### [TASK DIRECTIONS]
Give the lines below again exactly, starting with the line that holds "66 - Four Sets" and going on through the line that holds "Red and black".

### [RECORD SET]
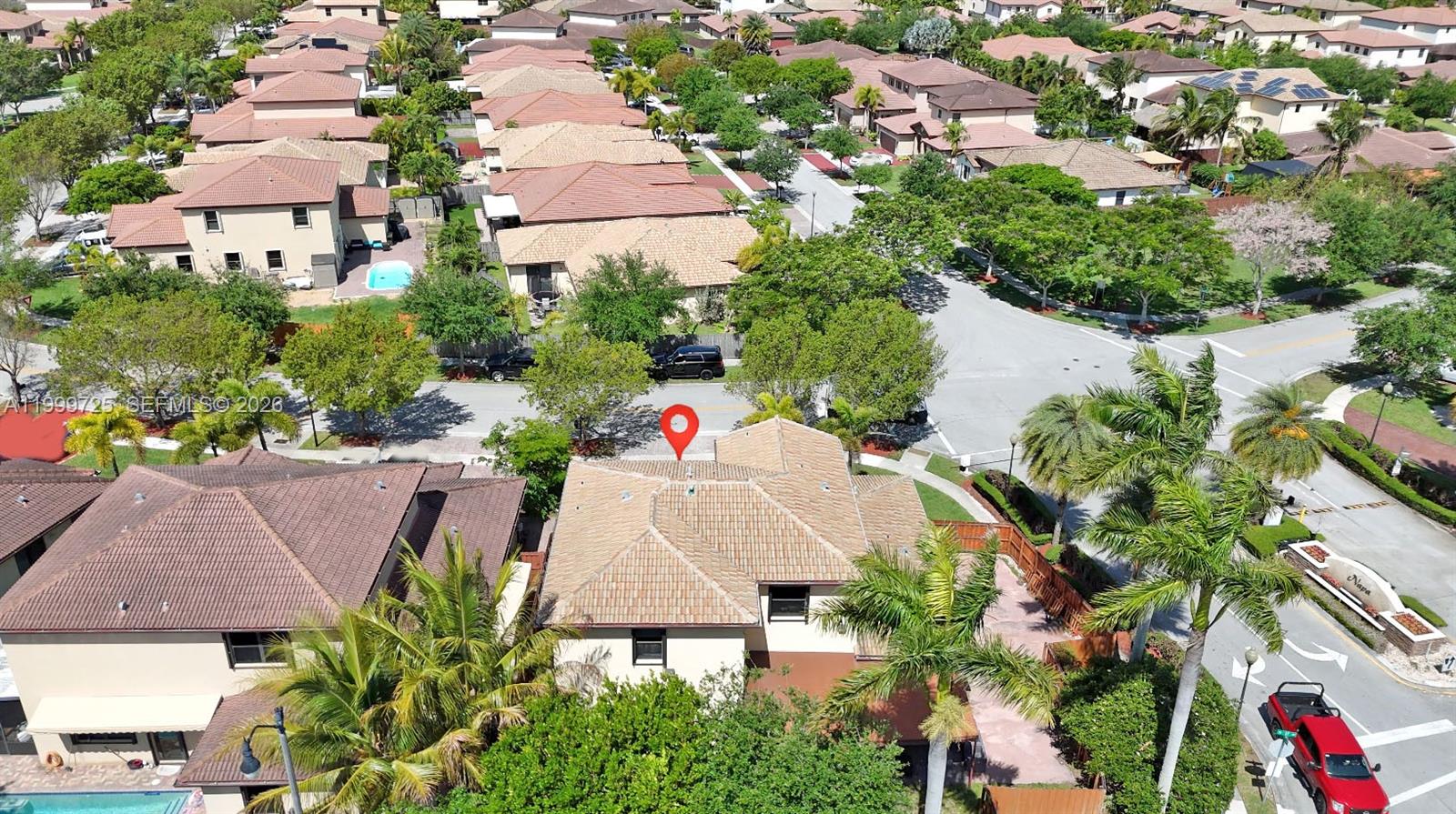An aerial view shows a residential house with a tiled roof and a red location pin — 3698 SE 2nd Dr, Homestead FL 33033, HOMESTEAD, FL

...

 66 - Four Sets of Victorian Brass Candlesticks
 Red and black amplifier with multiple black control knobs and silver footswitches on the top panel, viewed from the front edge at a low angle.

### [EXERCISE RESPONSE]
 66 - Four Sets of Victorian Brass Candlesticks
 Red and black amplifier with multiple black control knobs and silver footswitches on the top panel, viewed from the front edge at a low angle.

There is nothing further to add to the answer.